_Work instruction_:
Lines from the one with "Featured image: Lady" up to and including the one with "Fototapeta premium beautiful" are to be copied exactly from the records below, without their pictures.

_Given data_:
<<<<
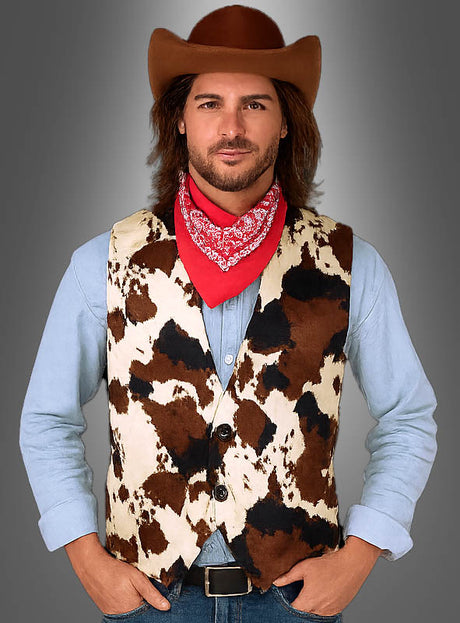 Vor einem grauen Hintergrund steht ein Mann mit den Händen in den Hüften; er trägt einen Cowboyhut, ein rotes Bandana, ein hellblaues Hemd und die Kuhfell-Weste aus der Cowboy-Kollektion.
>>>>
<<<<
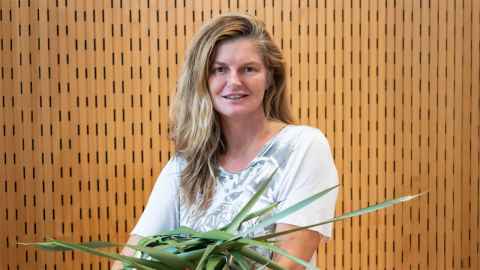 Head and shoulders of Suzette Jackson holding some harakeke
>>>>
<<<<
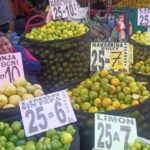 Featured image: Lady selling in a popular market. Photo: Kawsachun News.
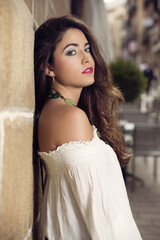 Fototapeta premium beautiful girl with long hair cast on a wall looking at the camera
>>>>
_Result below_:
 Featured image: Lady selling in a popular market. Photo: Kawsachun News.
 Fototapeta premium beautiful girl with long hair cast on a wall looking at the camera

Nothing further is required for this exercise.